Issues of surveillance and privacy have been a popular topic in contemporary art. Critiquing the realities of data tracking, facial recognition software and the perpetual collection and storage of data has prompted the curatorial rationale for several recent several exhibitions including a photography exhibition in 2016 at the Hasselbad Foundation in Gothenberg called Watched! Surveillance, Art and Photography. The lack of restrictions that come with creative representations can lead to powerful forms of critique, particularly when it comes to privacy and surveillance. This not only brings awareness to these issues, but also provides a collective imagery or response to the ongoing surveillance we are subject to in our everyday lives. Contemporary art is therefore an important avenue by which citizens might develop a critical understanding of these issues.
One of the more well-known ‘surveillance art’ series is that of Hasan M. Elahi, who after being stopped and interrogated by the FBI at a US airport in 2002, responded by turning his art practice into a form of self-surveillance, or sousveillance, where every aspect of his life – from what he was eating to the places he visited – was photographed and documented. The result was over 70,000 photos, which he later uploaded to his website. In post-production, Elahi categorises and organises the photographs to create large scale tapestries printed onto vinyl:
Upon closer inspection the individual photographs become clearer, providing an intricate visual diary of one man’s life rendered in digital prints. In the sequence below the artist has photographed all the food he has eaten at altitude:
As Alahi explains, providing too much information leads to ‘obscurity, unintelligibility, and bewilderment’ enabling him to hide in plain sight. Over-disclosure also adds to the cost and trouble of searching, deterring authorities and systems of surveillance. But also at play in these works is a resistance to the tools of surveillance that is aided by the ‘white cube’ of the gallery or festival setting. In this context, the ‘artefacts’ that result from surveillance culture are decoupled from the discourses of terrorism, safety and security and are therefore rendered benign and banal.

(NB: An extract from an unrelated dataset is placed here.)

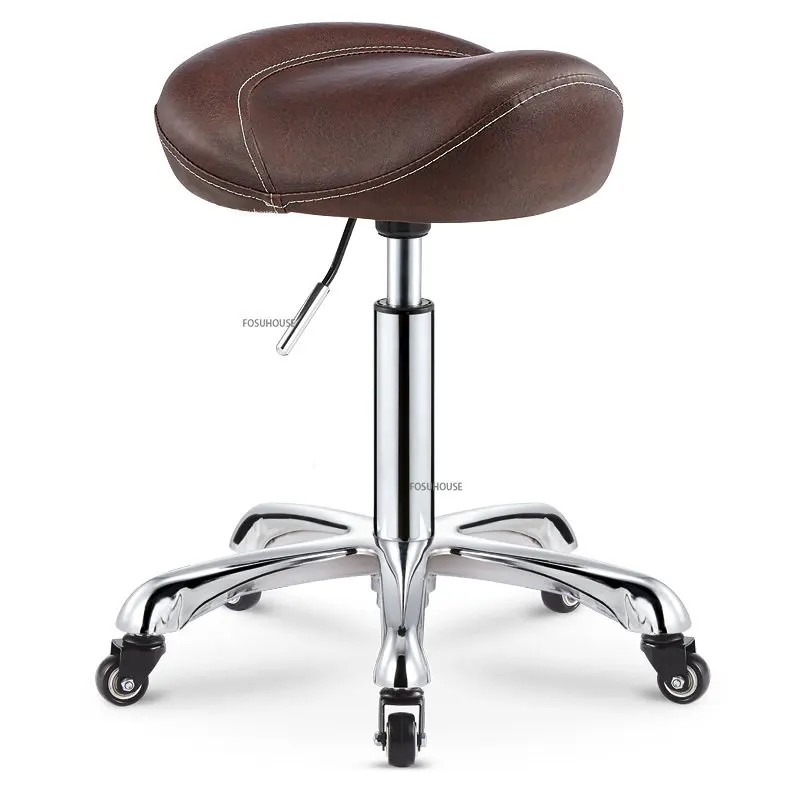 

Hairdressing Beauty Salon Stool Barber Chair with Pulley Nail Makeup Tattoo Chair Lift Swivel Office Chair Salon Furniture B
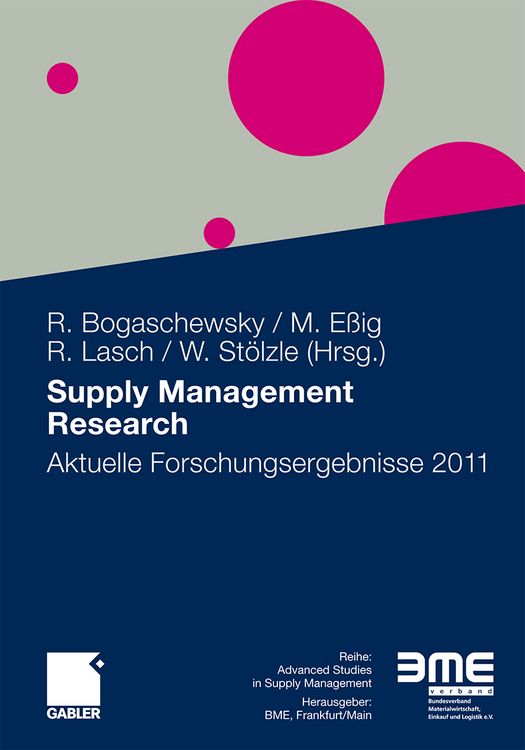 Produktbild: Supply Management Research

Surveillance culture is also explored by American artist Adam Harvey. Harvey’s ‘CV Dazzle’ series (2010 – present) derives its name from the ‘Dazzle’ or ‘Razzle Dazzle’ ships of World War I, which were painted with geometric, intersecting shapes in contrasting colours. The aim was not to conceal the ship, but to make it difficult for enemies to estimate the speed, range and direction of the vessel. Harvey’s work is a resistance to face recognition technology, using hair and make up as camouflage. In a similar way to the ‘Dazzle’ ships the aim is not to conceal, but ‘break apart the continuity of the face’, so as to confuse the symmetry and tonal contours of the face that the facial recognition algorithms rely on to identify individuals. What makes Harvey’s approach distinctive is that the ‘CV Dazzle’ series is not presented through the lens of the everyday, but as avant garde fashion, modelled by attractive individuals and captured through studio photography.

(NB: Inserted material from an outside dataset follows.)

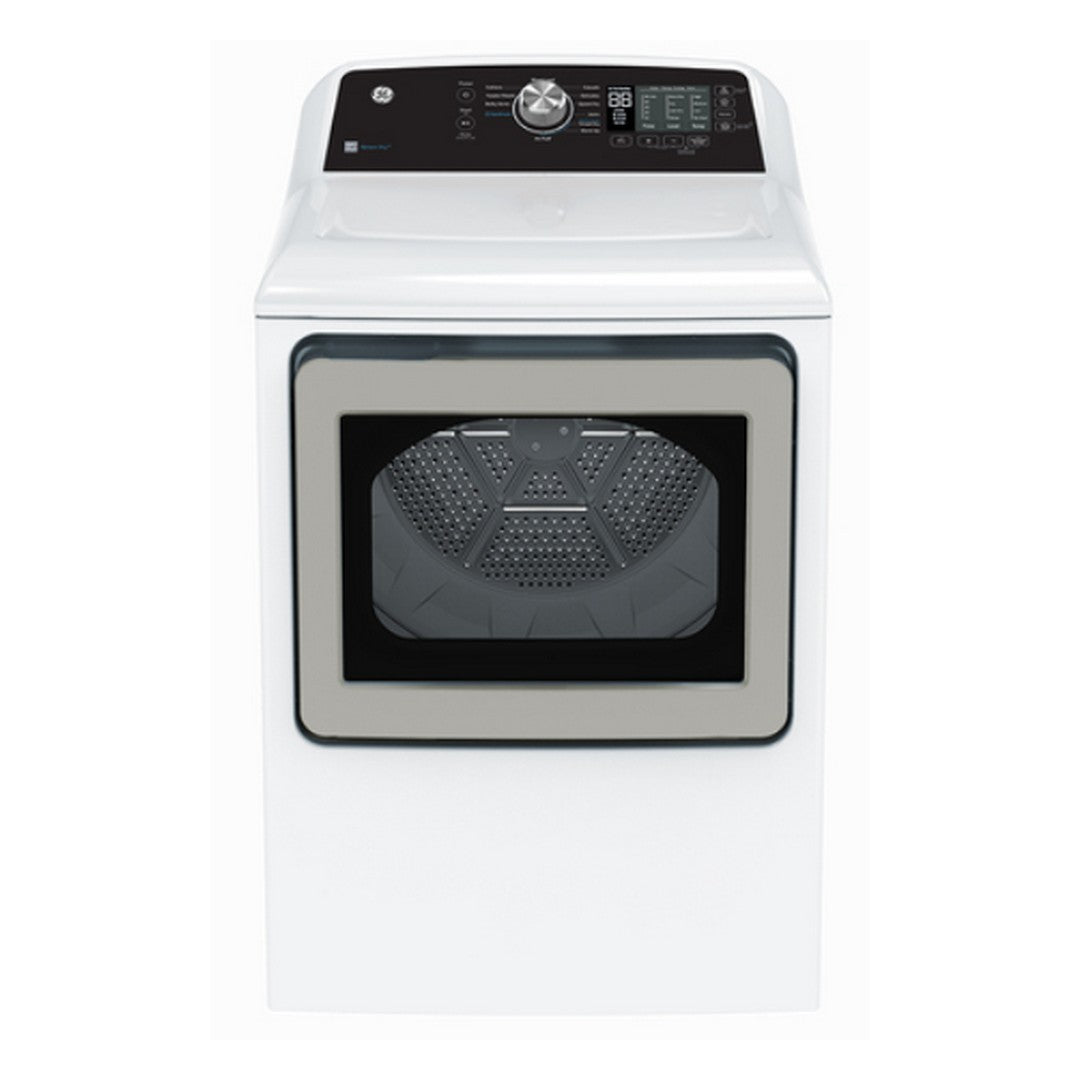 GE 7.4 cu.ft. Top Load Electric Dryer with SaniFresh Cycle White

Seen together these works are a comment on the changing nature of privacy, as personal data is shown to be networked and correlated across digital platforms and technologies. In this way, maintaining privacy is not only a matter of personal strategy, but also a collective negotiation. Each of these works takes surveillance culture as a starting point, yet quickly move the viewer beyond this, to explore creative and critical strategies of resistance. In this way, the works are instructional and aesthetically arresting. Alahi uses the strategy of stenography, or hiding in plain sight, achieved through massive over-disclosure of personal information. While Harvey opts for camouflage and deception as a way of protecting personal privacy. Each of these strategies is a type of ‘obfuscation’ or ‘the deliberate addition of ambiguous, confusing or misleading information to interfere with surveillance and data collection’ (Brunton & Nissenbaum 2015, p.1). The aim of obfuscation is to ‘buy time’ and hide in the crowd of signals as participation in contemporary society also means being subject to pervasive digital surveillance.
Brunton, F., & Nissenbaum, H. (2015). Obfuscation: A User’s Guide for Privacy and Protest. Cambridge, MA: The MIT Press.